The touch of her tongue took Sam’s mind off anything else. DeWitt could be banging at the door and she’d never hear him.

They were nearly to the apartment now. Sam was scheduled to work that night, and she dreaded going out, not just because DeWitt might be in the vicinity but also because the weather was so shitty.

“I’ll go with you,” Karen said. Karen sometimes worked shifts when Chili Verde was short-staffed. Otherwise, she sat in a corner and studied or talked to customers till Sam was done.

“I couldn’t make it without you.” This was true, but her grades were sinking and she knew it was because Karen was always there to distract her. “I have a paper due Friday and I haven’t even started it and now I have to work.”

“You want me to work for you? I think Bruce would be okay with that.”

She’d be home alone, which was not an option. “I’ll get it done. It’s Women’s Issues. You know, gender and society. Should be easy.” She was shouting to be heard and was glad when they came to a stop in front of the apartment.

That evening Chili Verde was empty except for the staff, which hung around the hostess’s booth and chatted, until Bruce sent them all home and closed early due to the weather. It was a lucky break for Sam, who tapped out her paper on the computer.

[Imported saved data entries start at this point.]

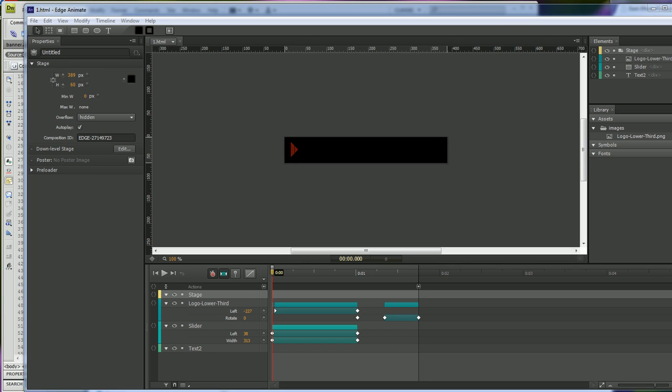What's up? Wayne Barron here with DarkFX.net and we are in Adobe Edge Animate as well as Dreamweaver and two folders and a website.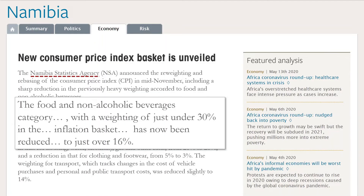We see that the basket is going to change from time to time. A recent survey in Namibia and reweighting of their basket resulted in the food and non-alcoholic beverages category — with a weighting of just under 30% in the previous basket — being reduced to just over 16%. Because consumer habits change over time, what ends up being in the basket and the weights they have is going to change over time.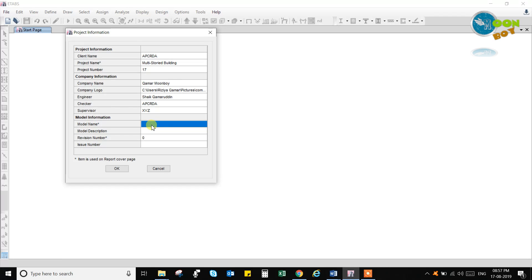Now about the model information. I am writing that this is a seismic design I am going to do, and the wind load design also we are going to check. So we can describe it as a lateral load model — the model description will cover seismic and wind load.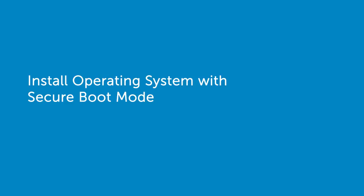In this video, we'll show you the process of installing an operating system in secure boot mode through Lifecycle Controller.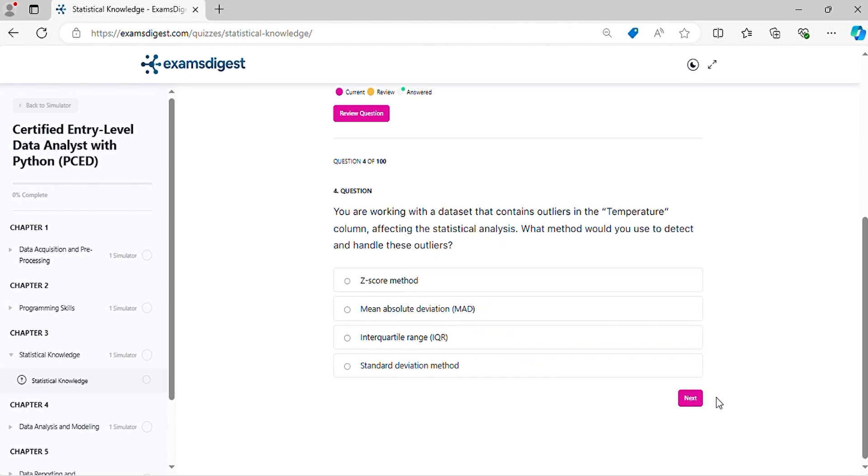Question four: You are working with a dataset that contains outliers in the temperature column affecting the statistical analysis. What method would you use to detect and handle these outliers?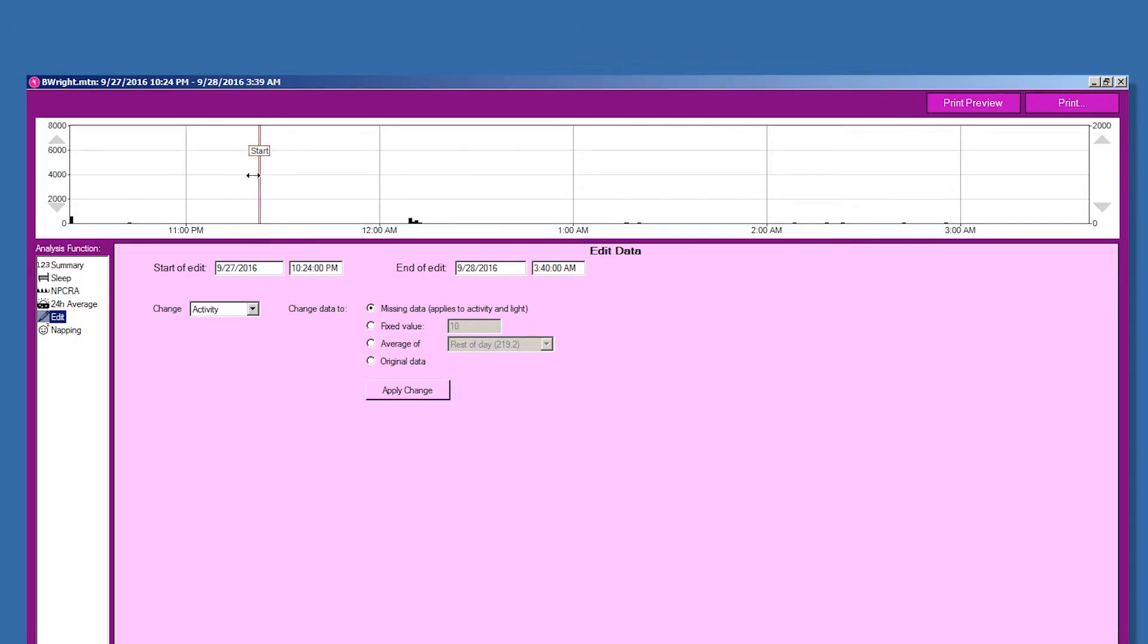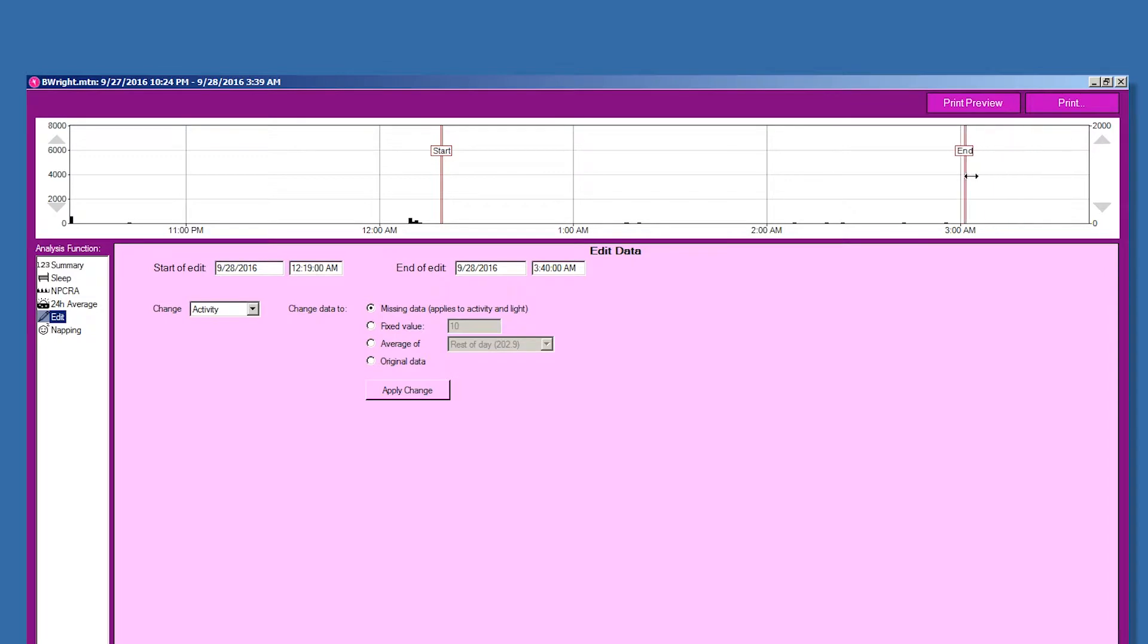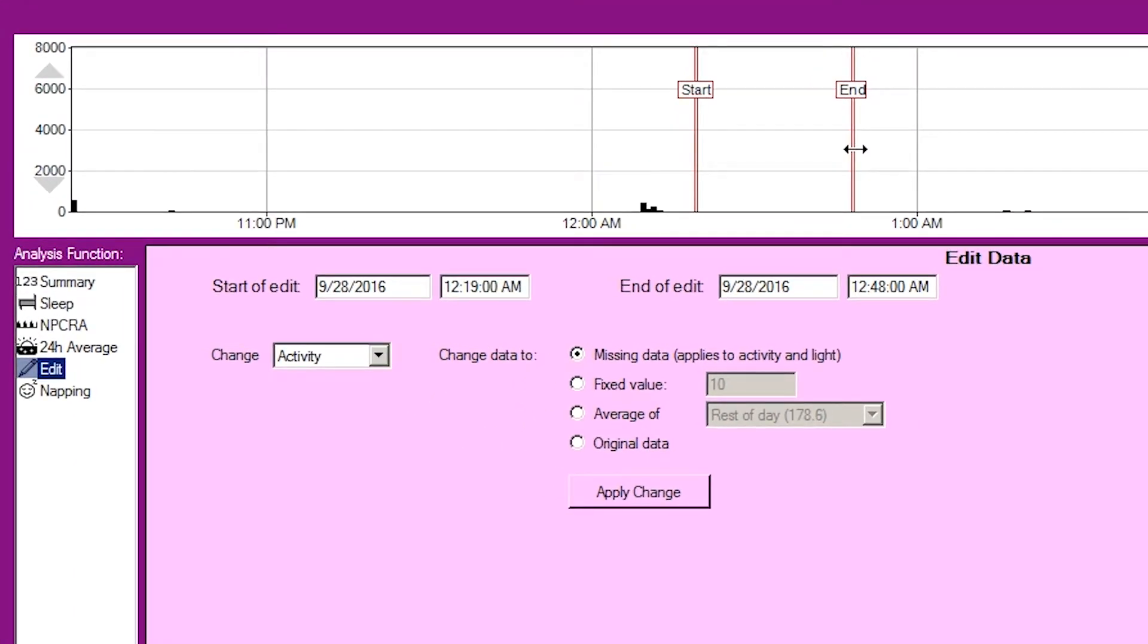After selecting the edit tool, it is possible to fine-tune the time period for the edit either by dragging the start and end bars on the graph or by changing the text boxes containing times below the graph.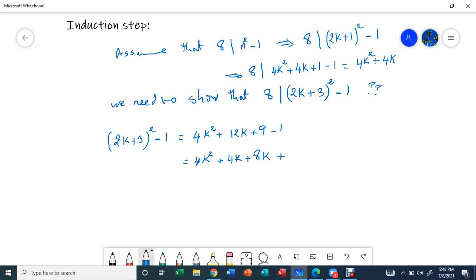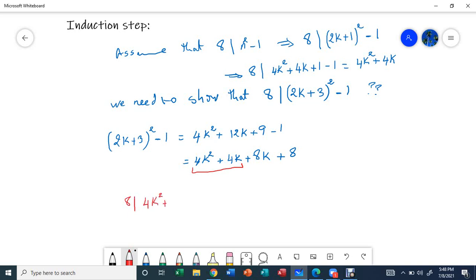Now I'm going to break down 12k into 4k plus 8k, and 9 minus 1 is 8. So I can rewrite the expression as 4k squared plus 4k plus 8k plus 8. By our induction hypothesis, we know 8 divides 4k squared plus 4k.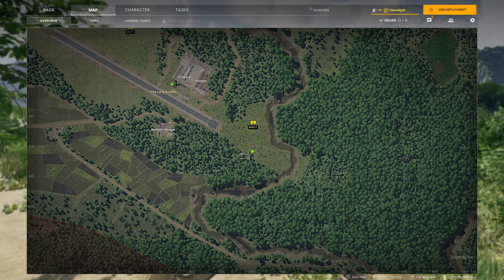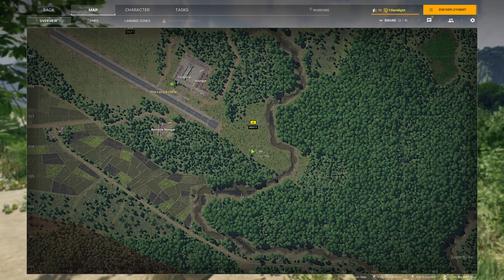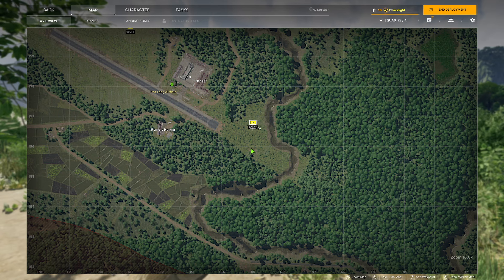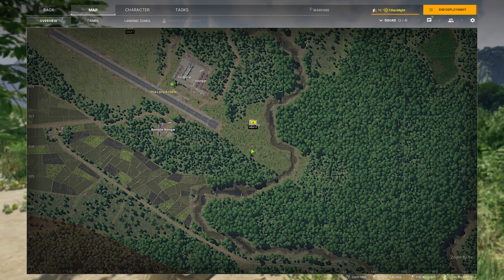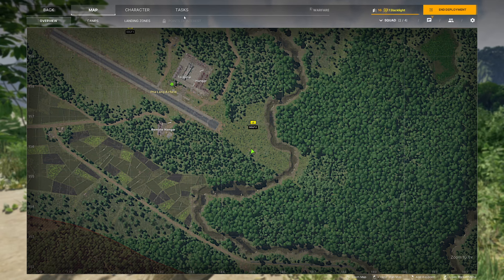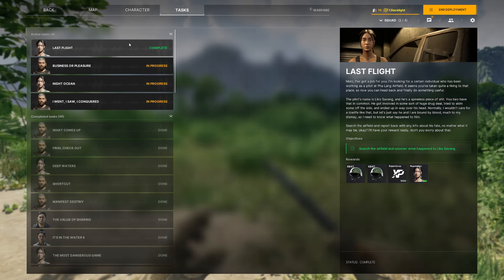What is up everyone, welcome to the video. Black Light here giving you another Gray Zone Warfare task guide. Today we are doing Last Flight, and I am situated right on the borderline of 184-155 and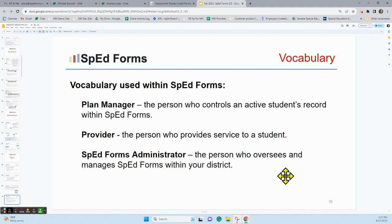Now, some SpedForms vocabulary. 'Plan manager' — sometimes called case manager or IEP manager — all refer to the same thing: the person who controls the student's records in SpedForms. A 'provider,' on the other hand, is a person who provides services to the student and may have access to the student's records, but the plan manager controls the records. There is also a 'SpedForms administrator' — individuals in your district who oversee and manage SpedForms and its district preferences.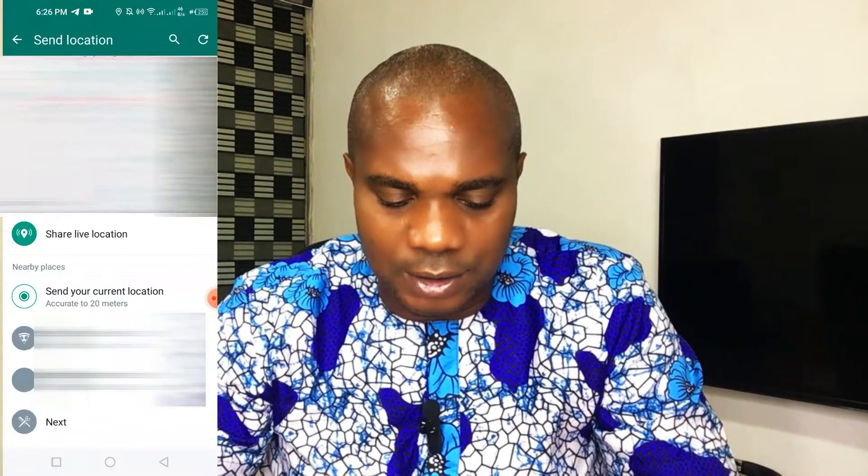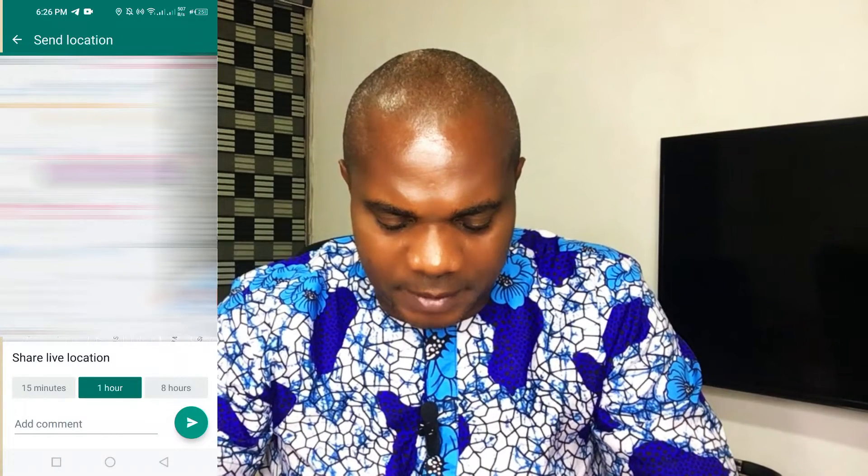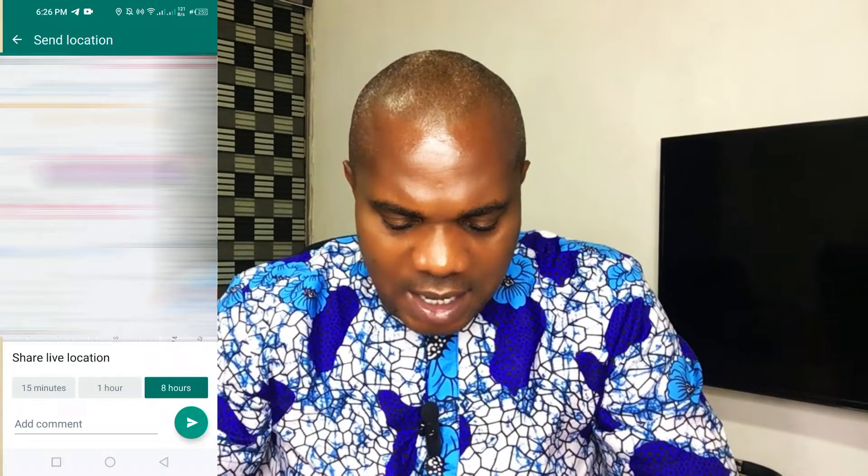Once you click on Location, this comes up. You can see 'Send your current location,' but before you do this make sure your location is turned on. If you click on 'Send your current location,' it's going to send your current location to whoever you're sending it to. Now if you come back to the attach button, go to Location, and instead of clicking 'Send your current location' you click 'Share live location,' you can see options for 15 minutes, one hour, or eight hours. You can select eight hours and click Send. Even if you move, the person you shared this live location with will be able to track and know where you are.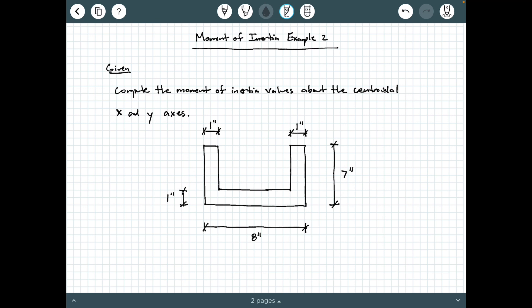No origin was explicitly given to us. Whenever you have a shape and an origin or datum is not provided, just define your own. A convenient spot is usually one of the corners. I'm going to put our origin in the bottom left corner, with a vertical axis y and a horizontal axis x. A datum is just a reference axis — a horizontal datum down here and a vertical datum here.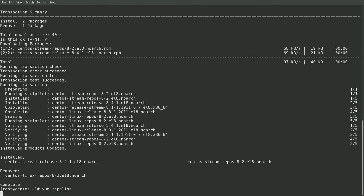At this point, I'll go ahead and run a yum repolist, and you can see that the three repositories that were originally CentOS Linux 8 — the AppStream, BaseOS, and Extras repositories — are now showing as CentOS Stream 8 repositories for AppStream, BaseOS, and Extras. And in addition, I still have the two EPEL-related repositories still enabled on the system.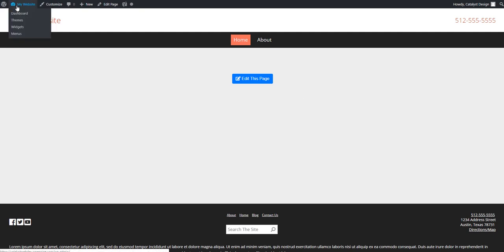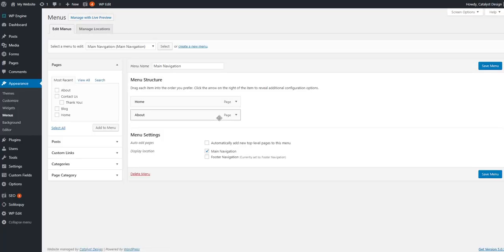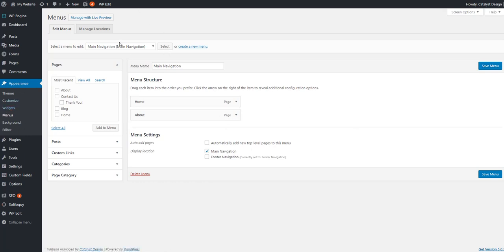The first thing you're going to want to do is head on back to menus. You can see I highlighted my website title and tapped on menus. You can also, if you're in the backend, just go to appearance and menus. Your theme will vary as to what navigation pieces are available.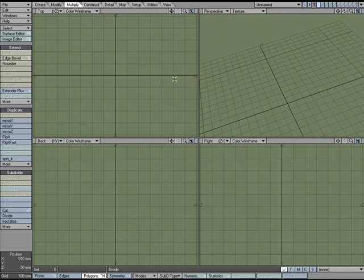There are several ways to go about modeling a bowl of cereal. The bowl part is pretty straightforward, but getting cereal in the bowl could be time consuming. There are some fast ways to go about doing it, so let's take a look at one of them.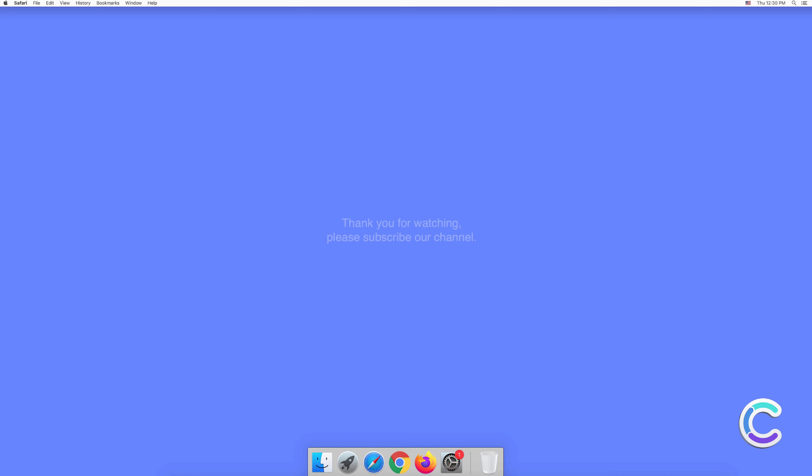Thank you for watching. Please subscribe to our channel.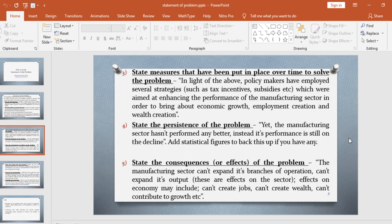The next thing you need to do is to state measures that have been put in place over time to solve the problem. For example, in light of the above, policymakers have employed several strategies such as tax incentives, subsidies, etc., meant for the manufacturing sector, which were aimed at enhancing its performance in order to bring about economic growth, employment creation, and wealth creation.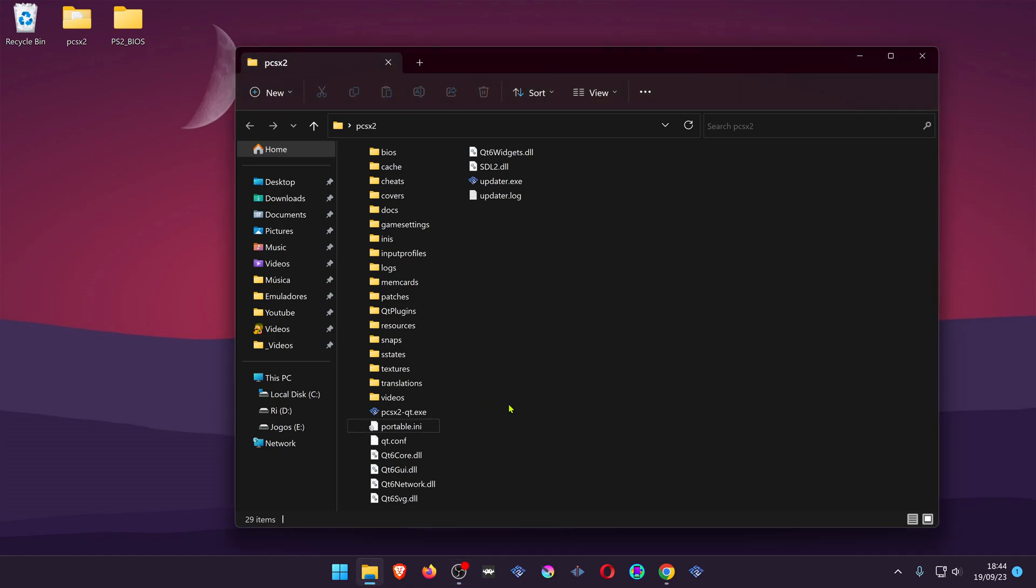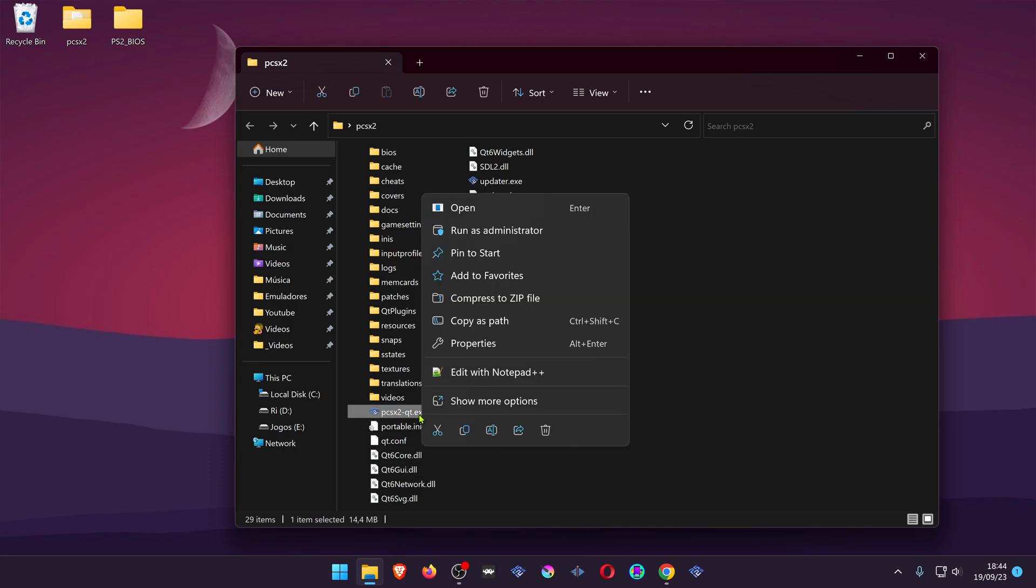If for some reason you want to start PCSX2 in full screen in big picture mode, then go to your PCSX2 folder and in your PCSX2 exe create a shortcut.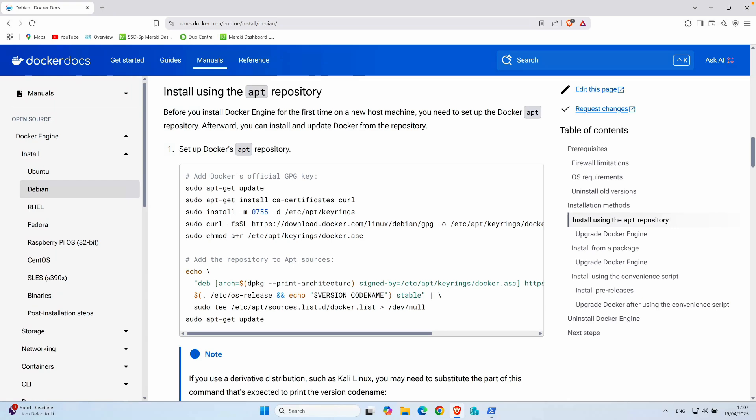Welcome back guys. In my last video I showed you how to get Olama running on a Raspberry Pi 5, and today we are taking it up a notch. I'm going to walk you through setting up OpenWebUI, which is a sleek browser-based interface that makes chatting with your AI models feel just like using ChatGPT.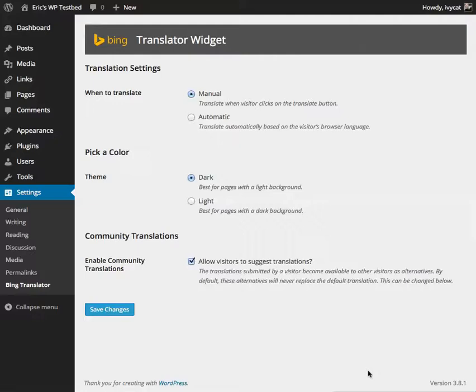Hello, this is Eric Amonson and I'm going to show you how to embed the Bing Translator widget in your WordPress site using a WordPress widget.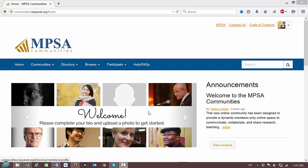To change the frequency of emails that you receive from the communities, log into the communities with your username and password.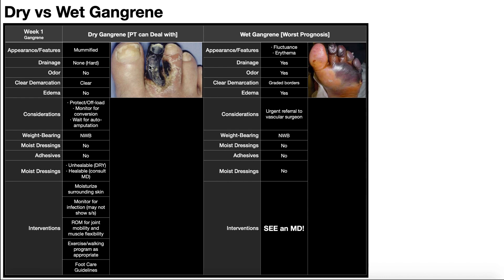Dry gangrene is the better prognosis — the lesser of two evils. But as we're treating a patient with dry gangrene and waiting for autoamputation, we have to monitor for signs and symptoms of infection. There's a separate video covering individual signs and symptoms of infection, but we're going to talk about a few of them here as they relate to wet gangrene.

The web was her source of information. She wrote about how women always have had lower status than men—that it was demonstrated by the jobs they often held despite their education, jobs like receptionists and data processors instead of managers and CEOs. She pointed out that women in 2000 made about seventy-six cents to a man’s dollar. Pregnancy and child bearing had a direct effect on women’s ability to attain and keep jobs, of course. What might it be like if men bore the children? She quoted from Alan Wolfe’s,
The Gender Question
, “Of all the ways that one group has systematically mistreated another, none is more deeply rooted than the way men have subordinated women.” She quoted the passage in Leviticus where God told Moses that a man is worth fifty sheikels and a woman worth thirty—about the same as the present day difference in pay. She concluded with a 1980 summation by the United Nations Commission for Women of this unequal burden: “Women, who comprise half the world’s population, do two-thirds of the world’s work, earn one-tenth of the world’s income and own one-hundredth of the world’s property.” But she couldn’t answer why the world was this way today, why women, who were the daughters and wives of men, continued to be held in such low esteem by these same men.